It is been 6+months running keyhunt bsgs searching for 135 in random mode on 4 pc's but no luck, I wish if some one like RC or anyone searching 135 in sequential mode share his status so that we can reduce some keys.
Hi blankx4729,Thank you for the thorough debugging — ptxas spill analysis and tracing the kang_type bug down to its root cause is real engineering work. I went through your findings and the source carefully. Quick clarifications, then a redirect:
Bug 1 (GroupCnt=64 in GpuKang.cpp): not a bug in the stock build. Both GpuKang.cpp and defs.h hardcode 64 for OLD_GPU — they match. Your kang_type=0 issue appeared because you modified defs.h to PNT=16 but the host code was still 64, causing the mismatch. That said, you exposed a real maintainability issue: the constant shouldn't be duplicated. I'll fix GpuKang.cpp to read PNT_GROUP_CNT from defs.h directly, which eliminates this whole class of mistake.
Bug 2 (defs.h hardcoded for OLD_GPU): intentional design. The 64 vs 24 split reflects empirical tuning for different GPU generations (the comment in defs.h lines 115-117 documents that 200 caused catastrophic spill on modern arch). Could be made configurable via a parallel V45_PNT_GROUP_CNT_OLD knob, but it's not wrong.

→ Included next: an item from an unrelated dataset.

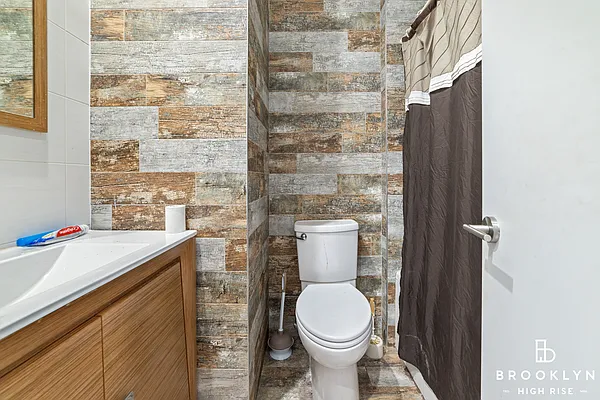 Rented by Brooklyn High Rise LLC | media 42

KernelB constants 128 and 8: your claim that they're "for PNT=64 only" is incorrect. They come from a fixed thread tile structure (8 kangs per sub-group, 32 threads per warp), not from PNT. The math actually works for PNT ∈ {16, 24, 32, ..., 64} — any multiple of 8 that's ≥ 16. Below 16, g8_ind degenerates to 0 always, which corrupts the walks — exactly what you observed at PNT=8. I verified the algebra for PNT=16, 24, and 64; all three produce valid kang_ind reconstructions.
Your four questions, briefly:
1. Lower PNT → higher speed: correct analysis. Less spill, more active warps per SM.

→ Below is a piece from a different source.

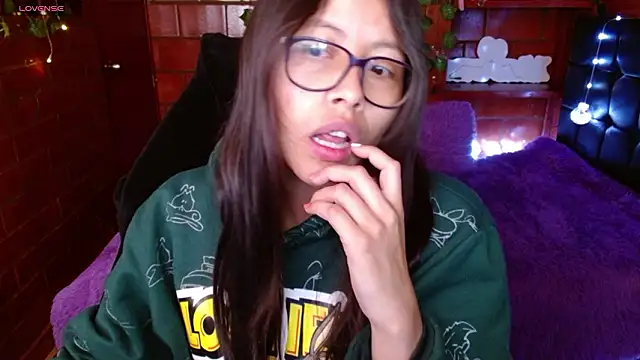 Snapshot of MidoriQuiinn chatting on 02-24-26, 02:29 MidoriQuiinn online show from 02-24-26, 02:29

2. Real or misleading? Real for PNT ≥ 16 and multiple of 8. Misleading for PNT < 16 — faster but corrupted walks.
3. PNT for puzzle 135 with limited RAM: minor misunderstanding. PNT affects GPU register pressure only. The TAME table (your -ramlimit) lives in CPU RAM — PNT doesn't touch it. Different bottlenecks.
4. KernelB generalization: doable via templating on PNT_GROUP_CNT with compile-time tile constants. Let's discuss the design on GitHub.

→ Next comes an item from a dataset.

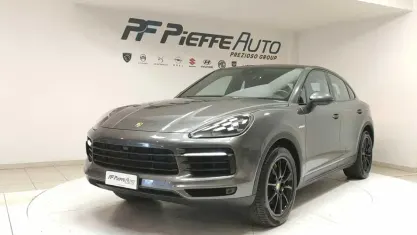 Usata Porsche Cayenne 340 CV (250 kW) 2021 Grigio grafite SUV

Your puzzle 135 stats: dropped=0 is healthy. 955 pending is normal for that throughput, not a sign of dp being too low. dp=15 is reasonable. Worth knowing though: puzzle 135 on a single 1060 is ~27,000 years expected. The math really doesn't favor 1060-class hardware — better to validate your mods against puzzle 65 or 70 where solves complete in minutes/hours.
Next steps: this is too technical for BitcoinTalk. Could you open an issue at github.com/pscamillo/PSCKangaroo with your ptxas output, exact diff, and hardware details? I'd like to ship the GpuKang.cpp fix plus a constraint comment for KernelB, and we can discuss the generalization there. PRs welcome if you want to contribute.
YOU RAN YOUR SOFWARE TEST AGAINST PUZZLES 130 OR 125?